**Aim of the exercise:** Using the data that follows, output only the lines from the line with "Sinclair SDV6-CC36 4-Wege-Deckenkassette" up to and including the line with "Burberry Belts(AAAAA)-097", exactly, leaving pictures aside.

**Dataset entries:**

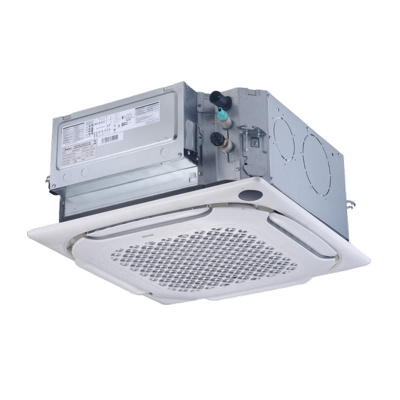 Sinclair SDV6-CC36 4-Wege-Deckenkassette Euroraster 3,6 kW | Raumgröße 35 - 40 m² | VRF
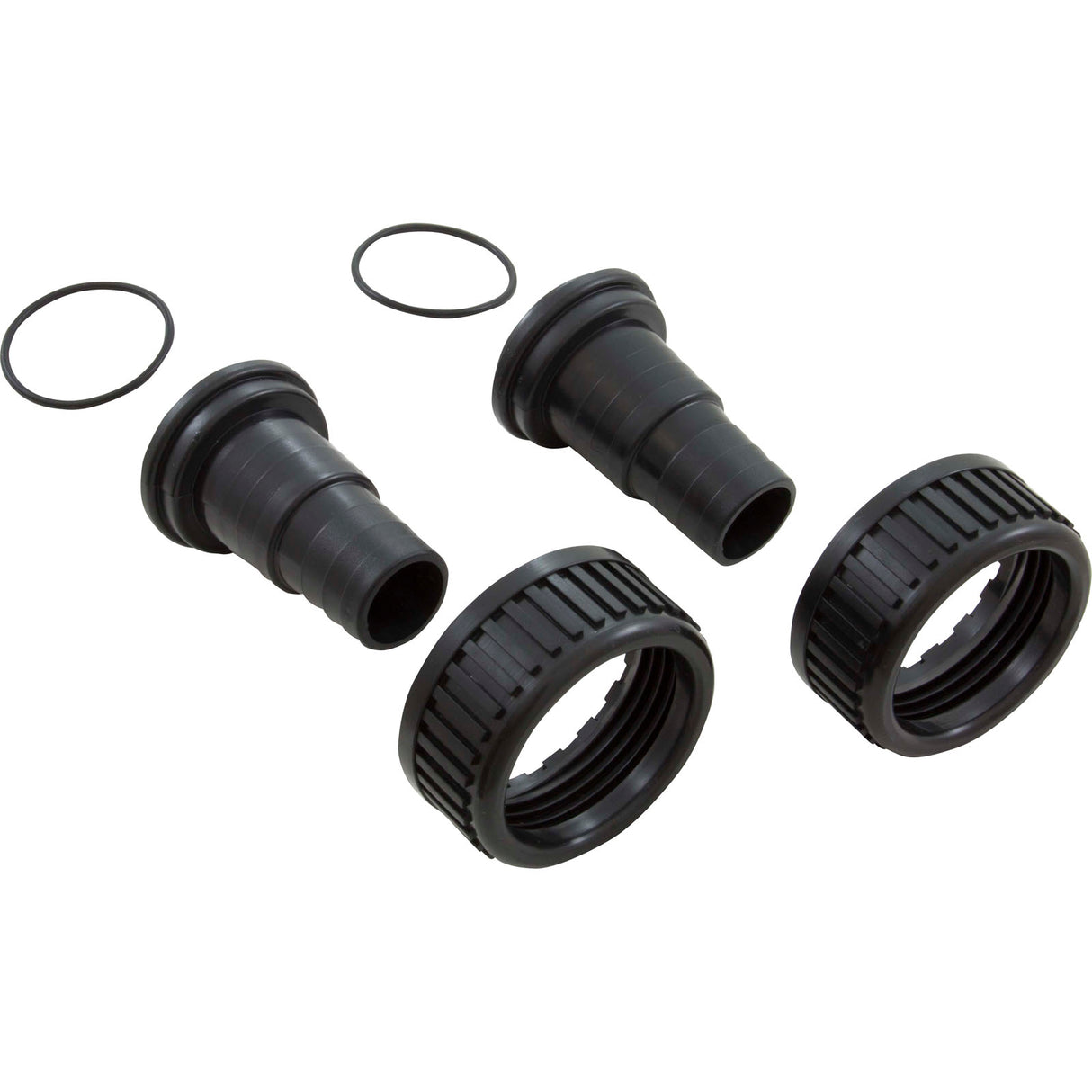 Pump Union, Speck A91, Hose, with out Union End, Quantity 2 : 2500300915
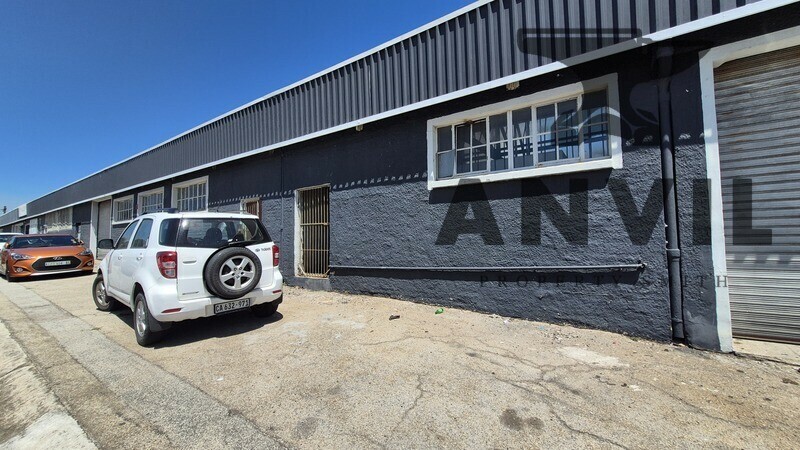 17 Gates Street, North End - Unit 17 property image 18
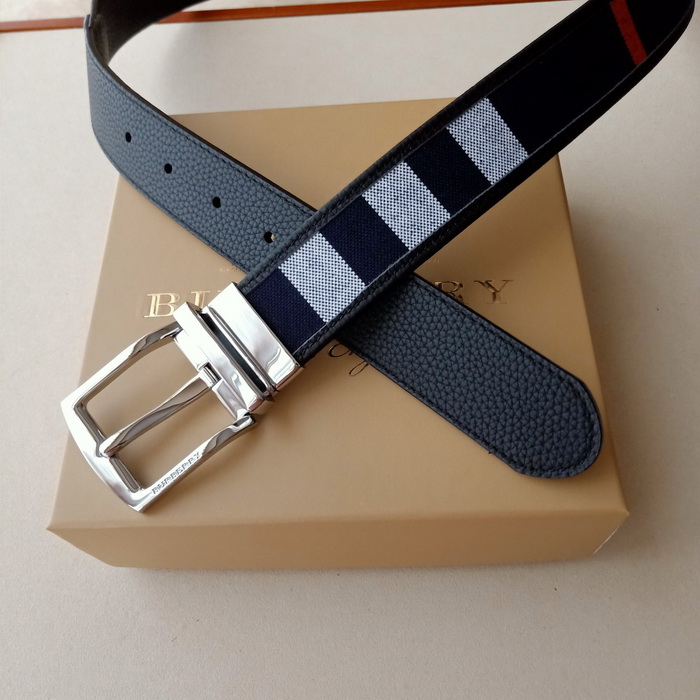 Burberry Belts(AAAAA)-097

* * *

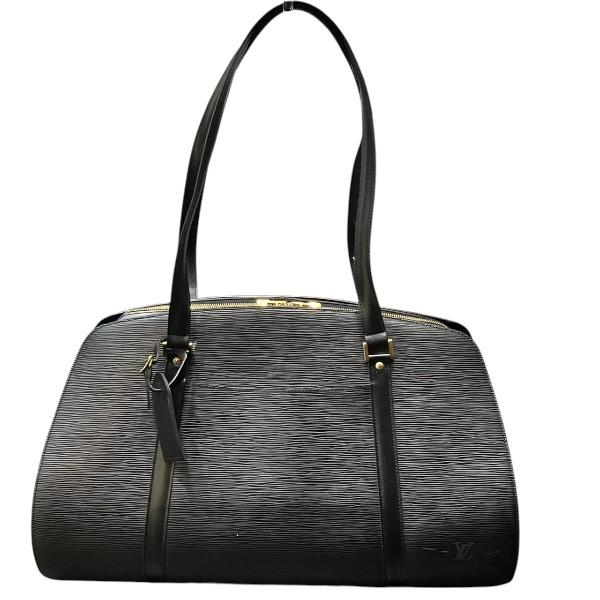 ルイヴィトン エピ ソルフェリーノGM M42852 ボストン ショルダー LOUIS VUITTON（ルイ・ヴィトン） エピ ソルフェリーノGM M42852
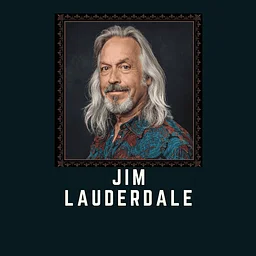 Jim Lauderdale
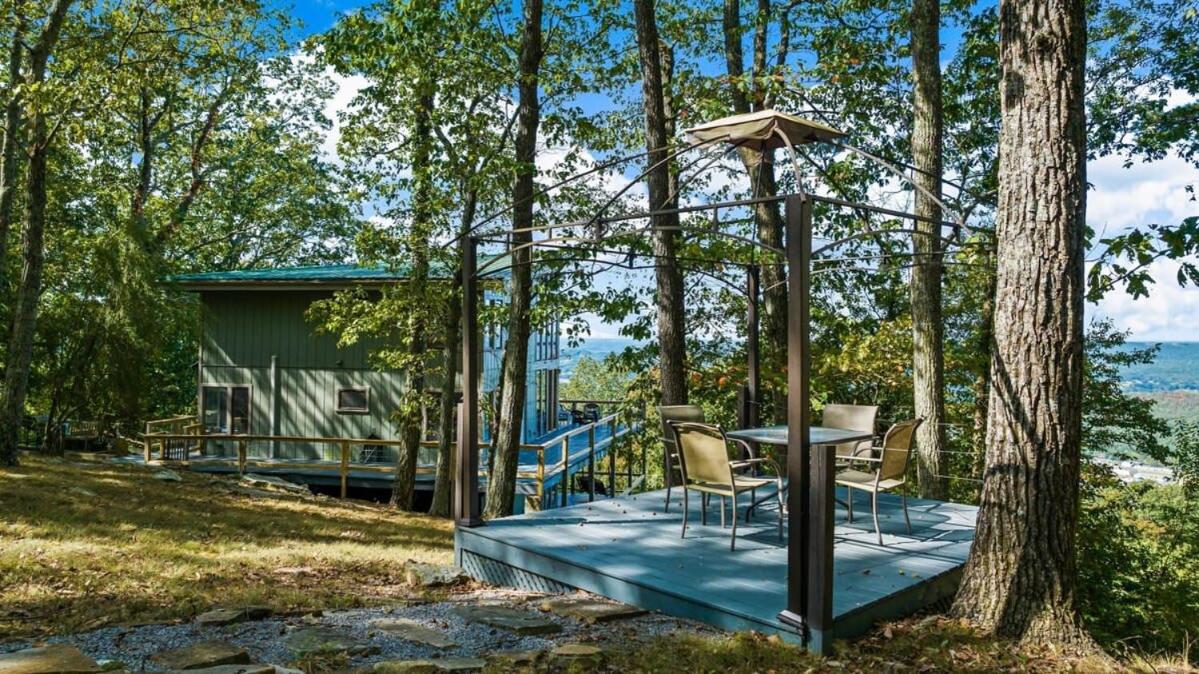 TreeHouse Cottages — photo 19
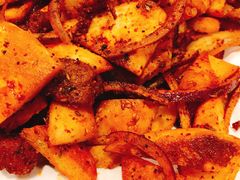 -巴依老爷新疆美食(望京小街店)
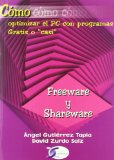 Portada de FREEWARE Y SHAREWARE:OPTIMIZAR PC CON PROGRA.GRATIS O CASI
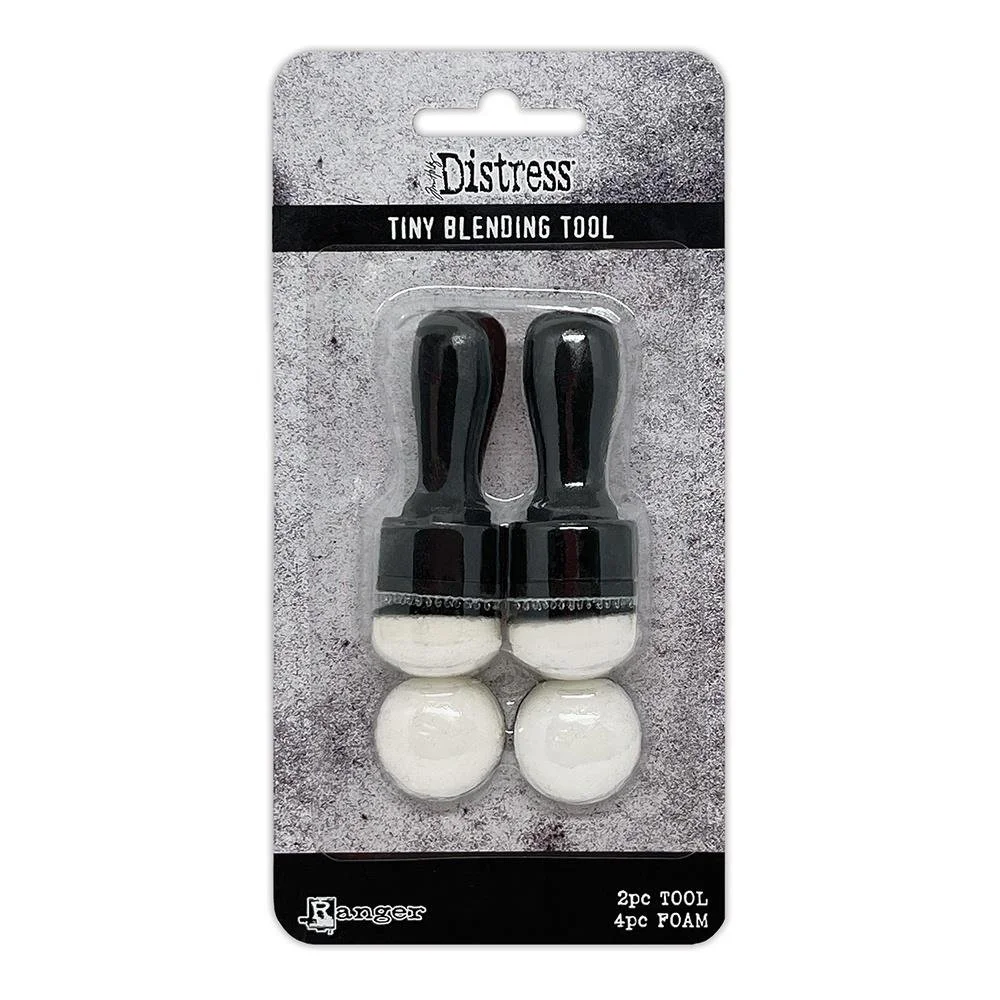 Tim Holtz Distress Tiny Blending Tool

==

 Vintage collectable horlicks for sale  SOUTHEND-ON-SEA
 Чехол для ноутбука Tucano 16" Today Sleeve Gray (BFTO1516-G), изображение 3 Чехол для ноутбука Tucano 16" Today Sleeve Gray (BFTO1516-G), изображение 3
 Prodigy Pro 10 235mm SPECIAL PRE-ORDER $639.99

**Written answer:**
 Sinclair SDV6-CC36 4-Wege-Deckenkassette Euroraster 3,6 kW | Raumgröße 35 - 40 m² | VRF
 Pump Union, Speck A91, Hose, with out Union End, Quantity 2 : 2500300915
 17 Gates Street, North End - Unit 17 property image 18
 Burberry Belts(AAAAA)-097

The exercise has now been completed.